Data shown: Begin

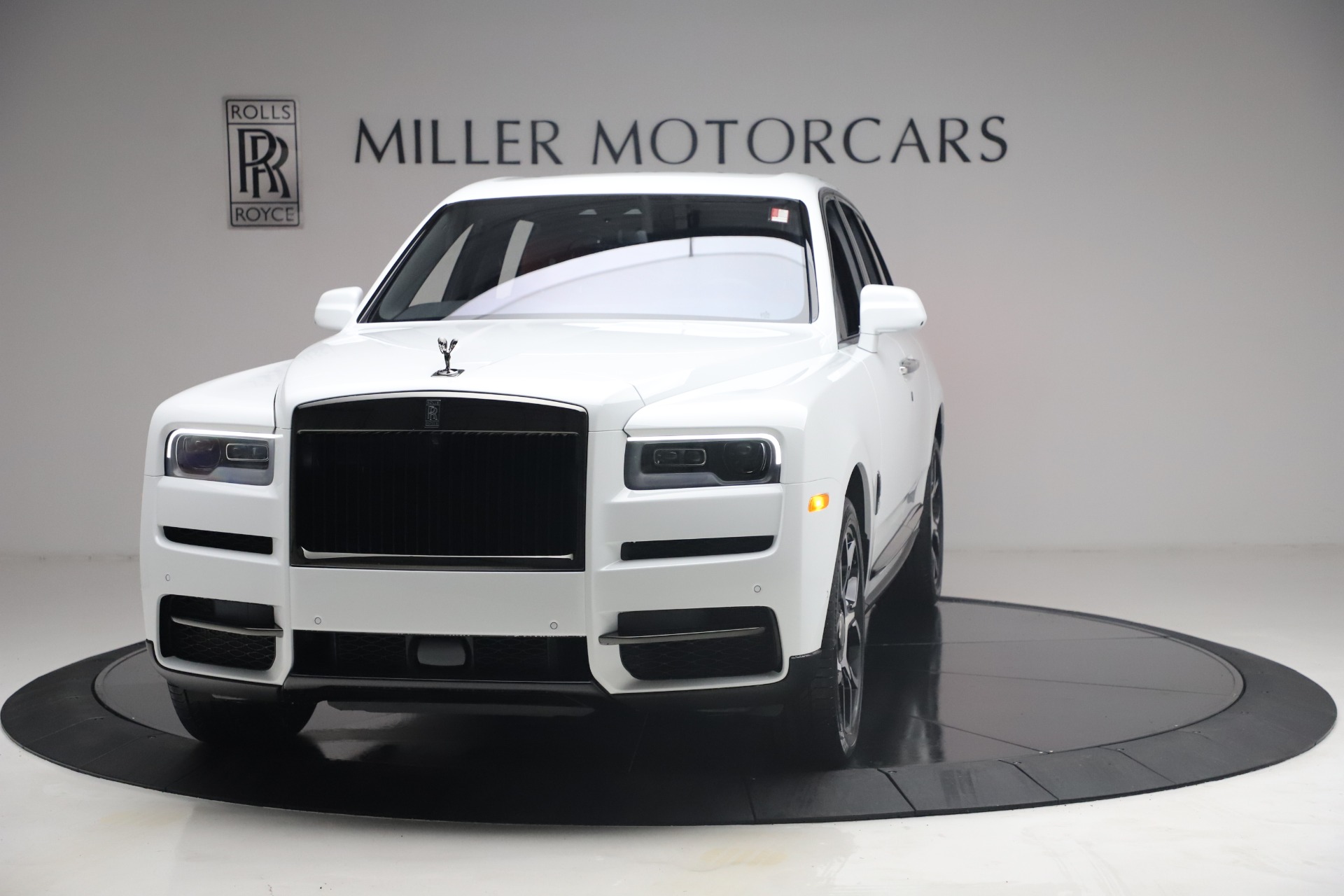 Pre-Owned 2021 Rolls-Royce Cullinan For Sale (Special Pricing)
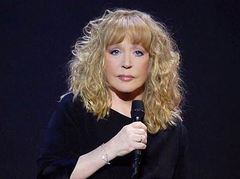 Алла Пугачёва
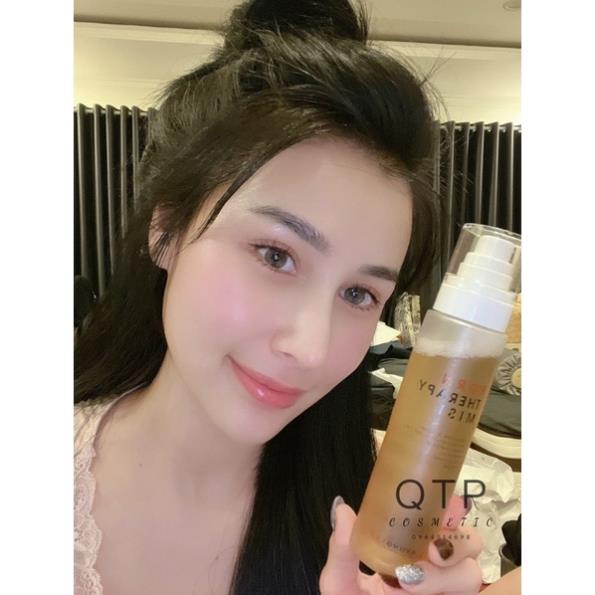 Xịt Khoáng, Toner Dưỡng Ẩm Kyung Lab PDRN Therapy Mist 150ml Cấp Ẩm Giúp Da Luôn Mềm Mại, Căng Bóng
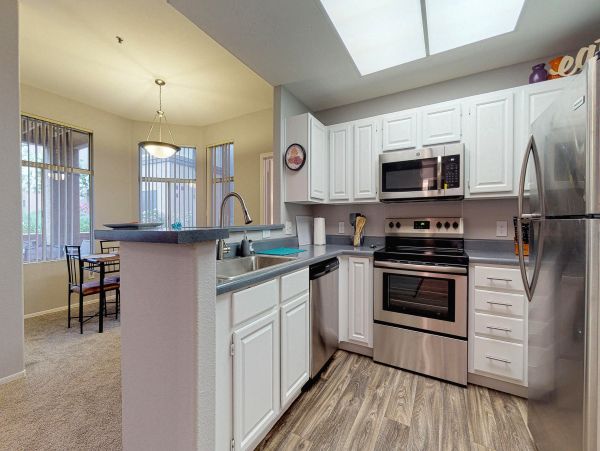 Scottsdale Home 1023522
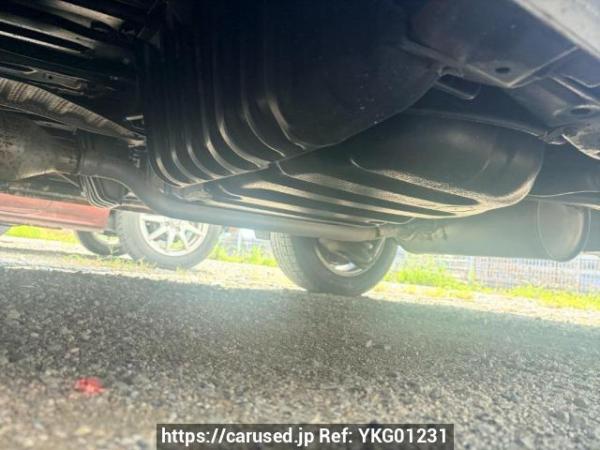Used 2009 AT toyota noah ZRR70W Image[20]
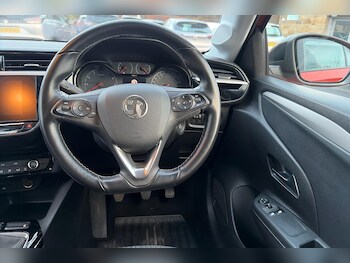 Used Vauxhall Corsa undefined for sale - 77842683: Photo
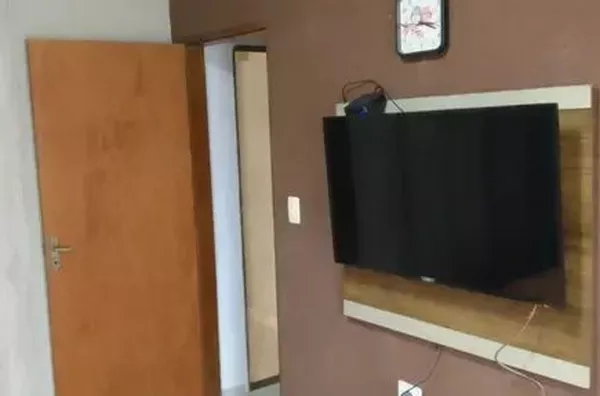 Casa com 3 dormitórios à venda, 120 m² por R$ 450.000,00 - Parque Continental II - Guarulhos/SP - Foto 5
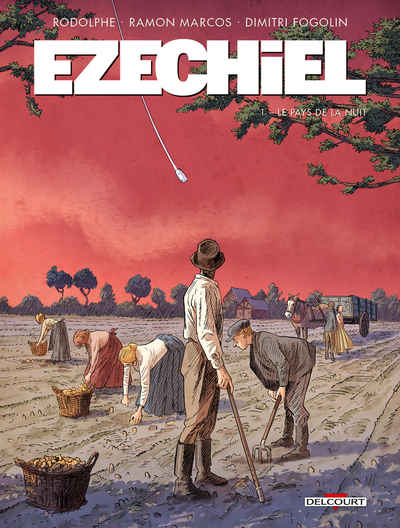 Ezechiel T01 - Le pays de la nuit (9782413087342-front-cover)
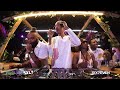 SIX7EVEN LIVE AMAPIANO 3 STEP MIX ALL WHITE EDITION LAGOS NIGERIA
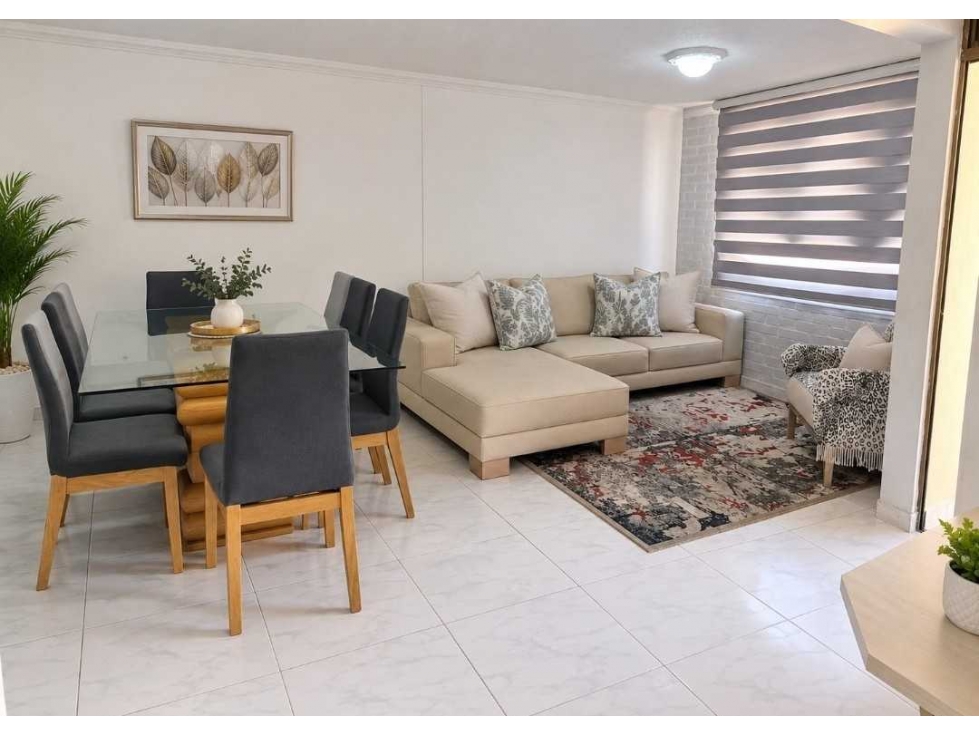 Se Vende Apartamento en Miramar — foto 4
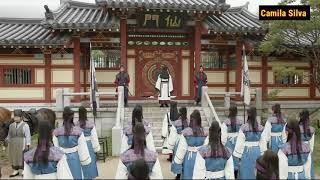 Han Dong Geun - Wherever You Are (Hwarang OST) [Legendado PT-BR]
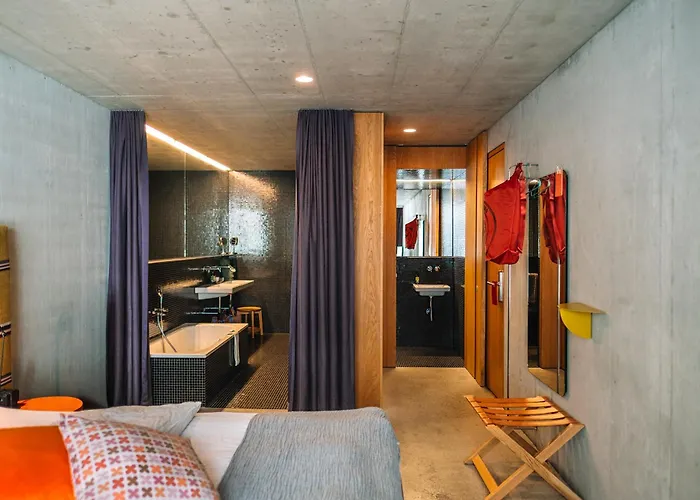 Nomad Design & Lifestyle Hotel - Member Of Design Hotels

Data shown: End

• **Exercise**
Your reply should hold only the lines from the one that contains "Se Vende Apartamento en Miramar — foto 4" through the last line of the records above, exact and complete, and no pictures.

• **Answer to this task**
 Se Vende Apartamento en Miramar — foto 4
 Han Dong Geun - Wherever You Are (Hwarang OST) [Legendado PT-BR]
 Nomad Design & Lifestyle Hotel - Member Of Design Hotels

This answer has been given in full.